We conducted internal testing across several simulated long-horizon interaction scenarios, including personal assistant workflows, multi-session coaching dialogues, and preference tracking tasks. Our observations confirm that the decay and reinforcement mechanisms effectively prevent memory pollution over extended sessions. Memory points representing persistent user traits and recurring themes were consistently elevated in retrieval rankings, while transient or low-signal content expired without manual intervention. The contradiction handling mechanism was validated against scenarios involving changing user preferences and updated factual information.
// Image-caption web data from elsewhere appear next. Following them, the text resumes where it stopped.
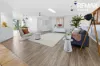7 Coral Ridge Drive, Eimeo, Qld 4740-Image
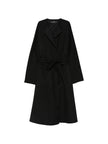 3071899 - Gucci | ERALDO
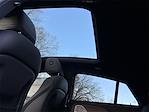 New 2026 Mercedes-Benz AMG GLE 53 SUV for sale #KMB260363 - photo 19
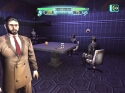 Deus Ex: The Conspiracy - Immagine 5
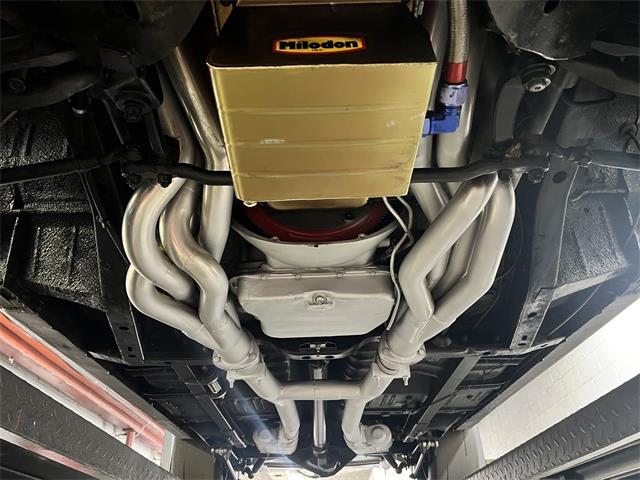 1966 Plymouth Satellite (CC-2093957) for sale in Clarkston, Michigan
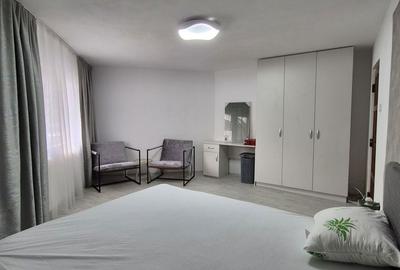 Garsonieră în Central - 5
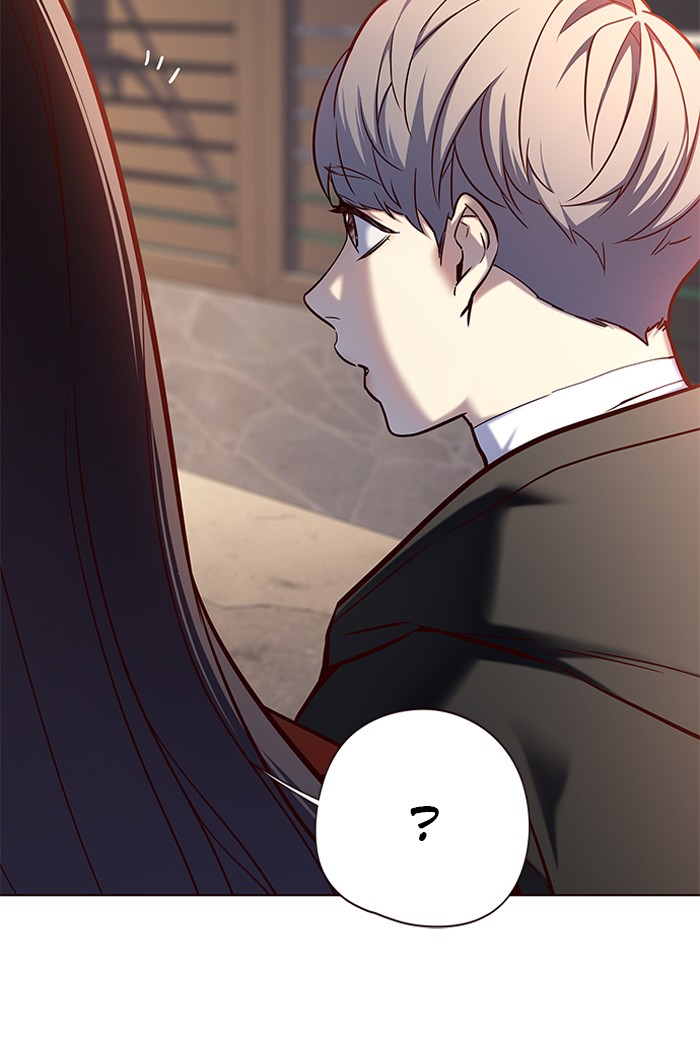 Eleceed Chapter 115 - Page 69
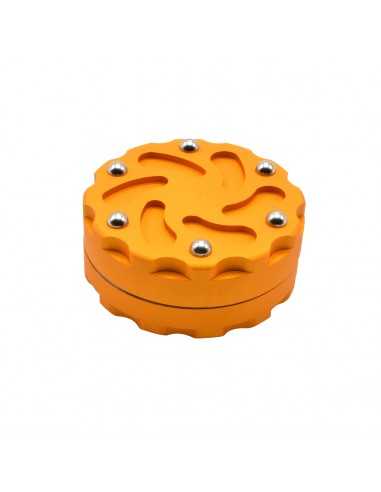 Grinder metal Chain / Toro Grinder metal Chain / Toro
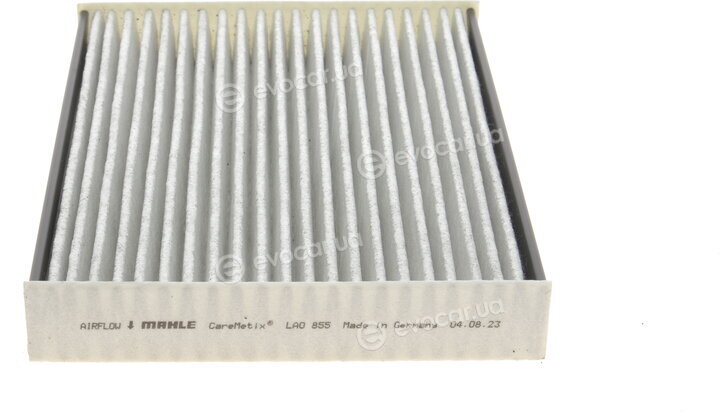 Mahle LAO 855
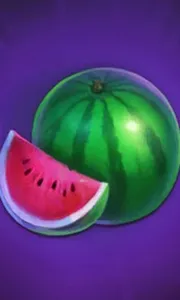 All-Star Fruits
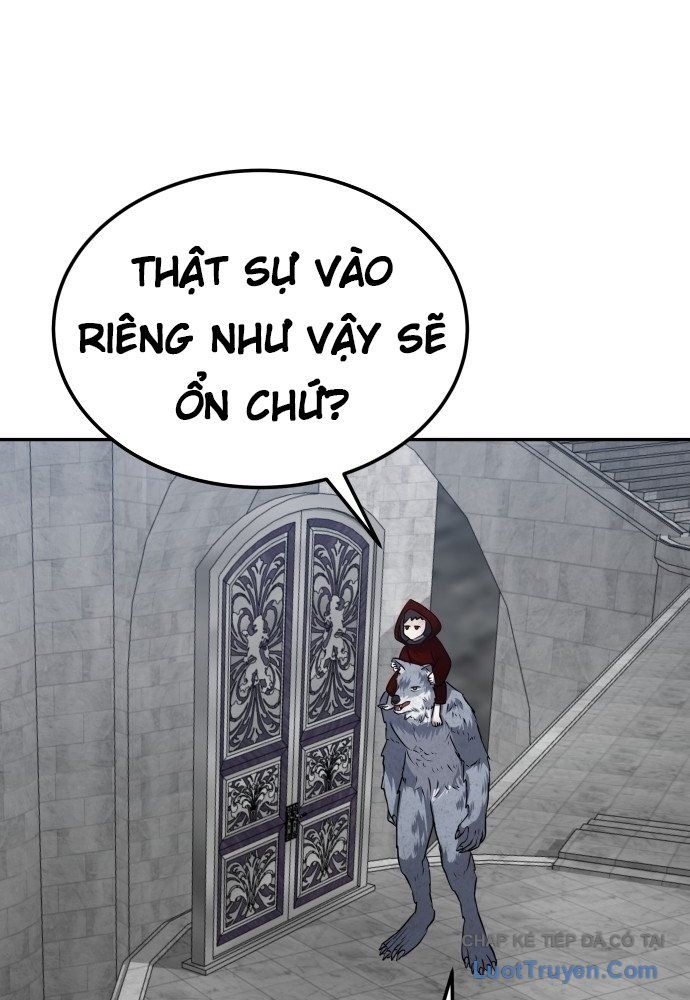 Chớ Bước Vào Nhà Hoang! Chapter 56 - 68
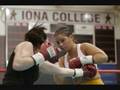 Maureen The Real Million Dollar Baby Shea Interview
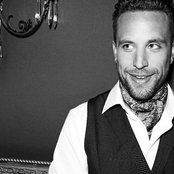 The Overtones - List pictures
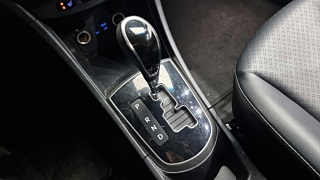 HYUNDAI ACCENT NEW 2019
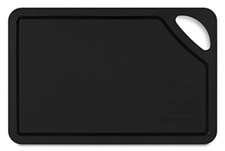 WÜSTHOF Tagliere 26 x 17 x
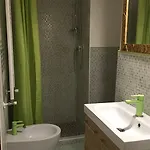 Il Sementone 阿西西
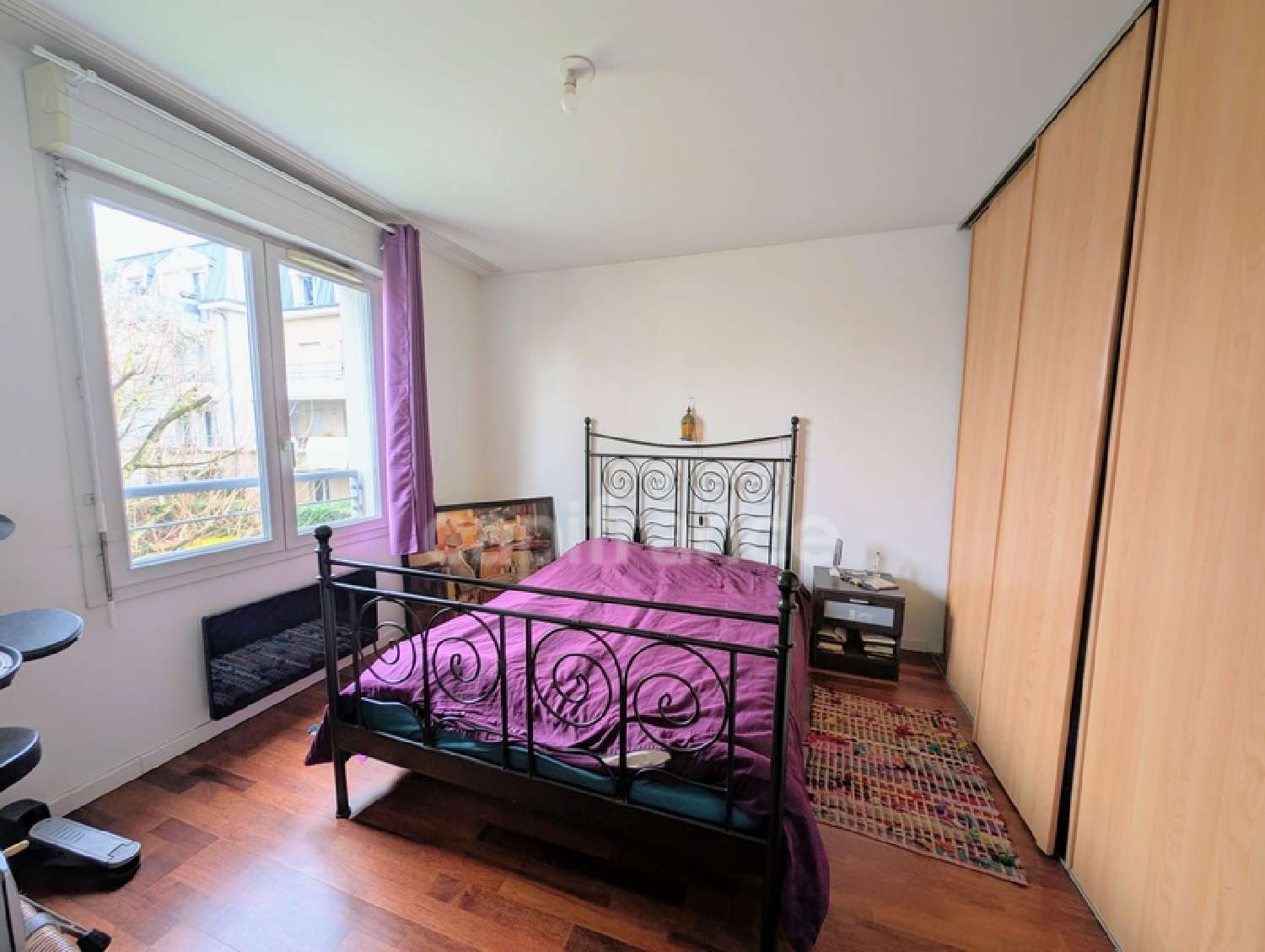  kaufen Wohnung/ Apartment Corbeil-Essonnes Essonne 7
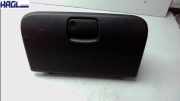 Handschfach 7341177E00 Suzuki Vitara X-90 Dynamic El/et/ta Vitara Geschlossen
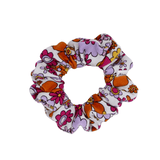 Summer of '69 Scrunchie - ElleaShop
In all tested cases, the soft-deletion flow correctly demoted stale memories and elevated updated beliefs within one to two reinforcement cycles. FACT-type memory proved particularly robust — persistent facts such as user identity, stated goals, and diagnosed conditions remained stable across sessions and were correctly updated when contradictions were introduced. Latency overhead from the retrieval and reranking pipeline was acceptable across all evaluated configurations, with Redis session memory effectively eliminating redundant vector queries for recent context.
We have presented a hybrid adaptive memory architecture that addresses core limitations of existing agent memory systems: memory pollution from low-signal content, precision degradation at scale, poor long-horizon recall, and the inability to update beliefs when contradictions arise. The architecture introduces a principled memory lifecycle — from selective creation through decay and reinforcement to hierarchical consolidation — that moves AI systems closer to cognitive-inspired persistent intelligence. By combining Redis for ephemeral session context, Qdrant for active vector memory processing, and PostgreSQL for structured long-term knowledge, the system supports efficient, semantically grounded memory retrieval at inference time. Future work will explore multi-user memory isolation, personalized decay rate calibration, cross-session contradiction resolution strategies, and memory-grounded chain-of-thought reasoning. We believe persistent adaptive memory is a prerequisite for the next generation of user-facing AI agents, and this architecture takes a concrete step toward making it production-ready.